> **Problem**
Beneath this line are entries. Copy the range from the line with "If we see question" to the line with "Hello, my name", ends included, exactly; leave pictures out.

> **Data extract**
§

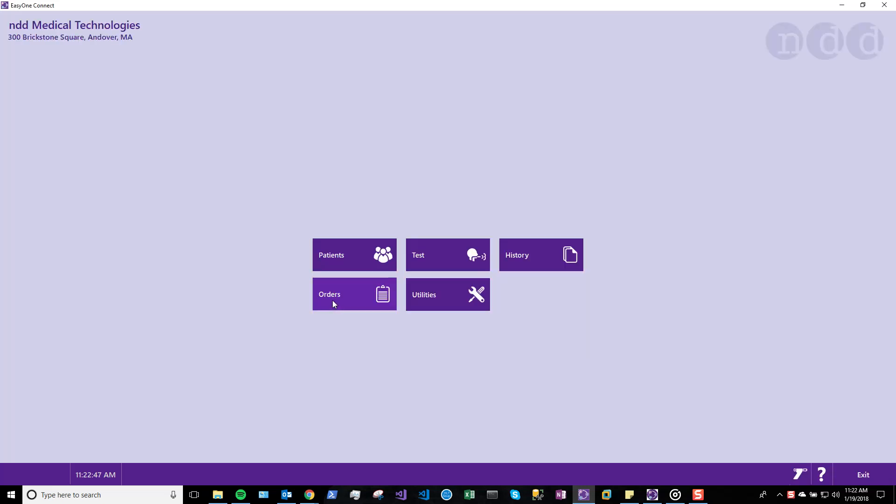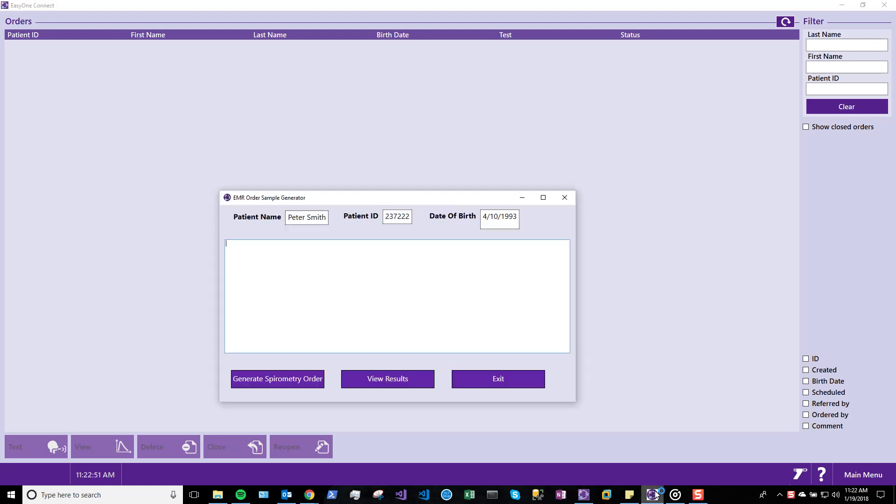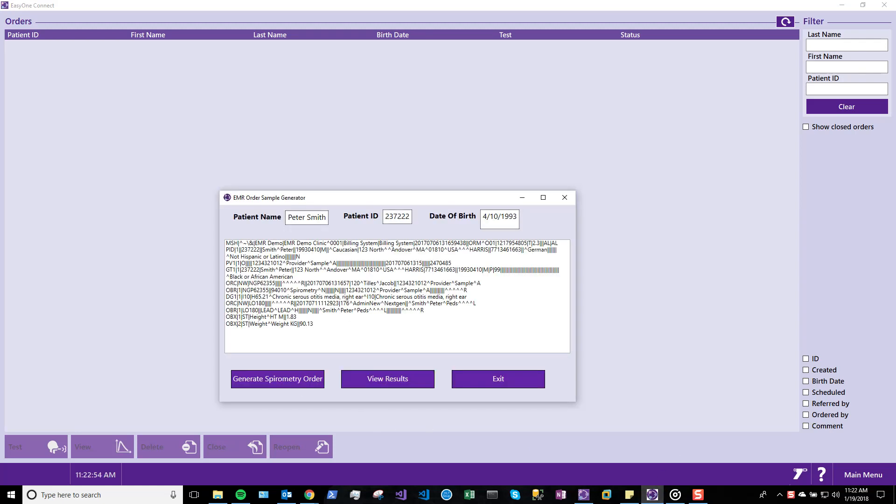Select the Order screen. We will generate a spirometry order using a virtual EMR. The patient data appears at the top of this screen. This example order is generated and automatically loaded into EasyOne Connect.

§

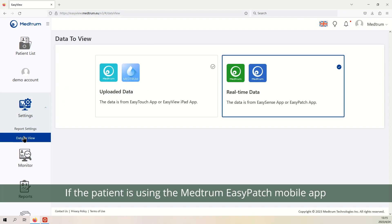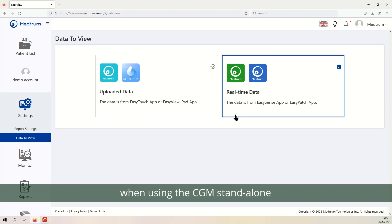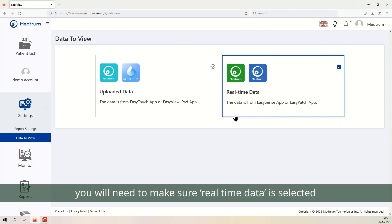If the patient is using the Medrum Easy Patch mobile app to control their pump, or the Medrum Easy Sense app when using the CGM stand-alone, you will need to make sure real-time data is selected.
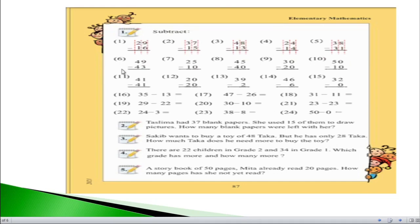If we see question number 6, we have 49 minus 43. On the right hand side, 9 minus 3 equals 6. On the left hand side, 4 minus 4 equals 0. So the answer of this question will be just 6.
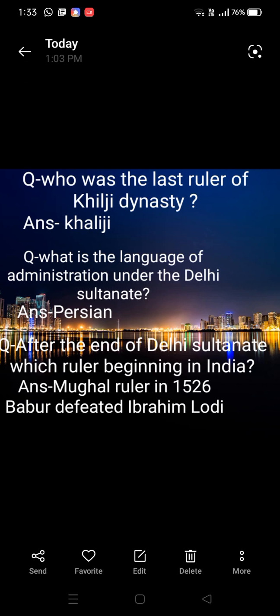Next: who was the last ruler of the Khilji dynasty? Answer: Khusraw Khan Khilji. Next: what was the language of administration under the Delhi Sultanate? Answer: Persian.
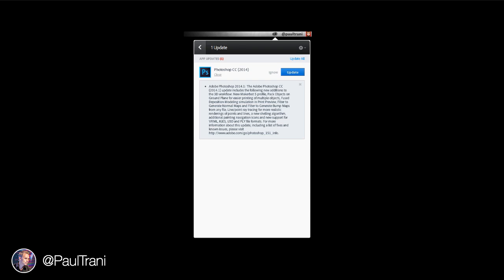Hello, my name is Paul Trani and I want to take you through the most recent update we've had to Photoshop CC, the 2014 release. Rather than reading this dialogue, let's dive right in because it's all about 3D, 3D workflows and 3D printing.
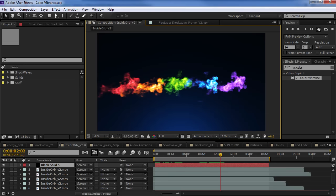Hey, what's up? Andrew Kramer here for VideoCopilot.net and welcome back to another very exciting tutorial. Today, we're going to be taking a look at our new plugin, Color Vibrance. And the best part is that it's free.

§

> **Expected answer**
If we see question number 6, we have 49 minus 43. On the right hand side, 9 minus 3 equals 6. On the left hand side, 4 minus 4 equals 0. So the answer of this question will be just 6.
Next: who was the last ruler of the Khilji dynasty? Answer: Khusraw Khan Khilji. Next: what was the language of administration under the Delhi Sultanate? Answer: Persian.
Hello, my name is Paul Trani and I want to take you through the most recent update we've had to Photoshop CC, the 2014 release. Rather than reading this dialogue, let's dive right in because it's all about 3D, 3D workflows and 3D printing.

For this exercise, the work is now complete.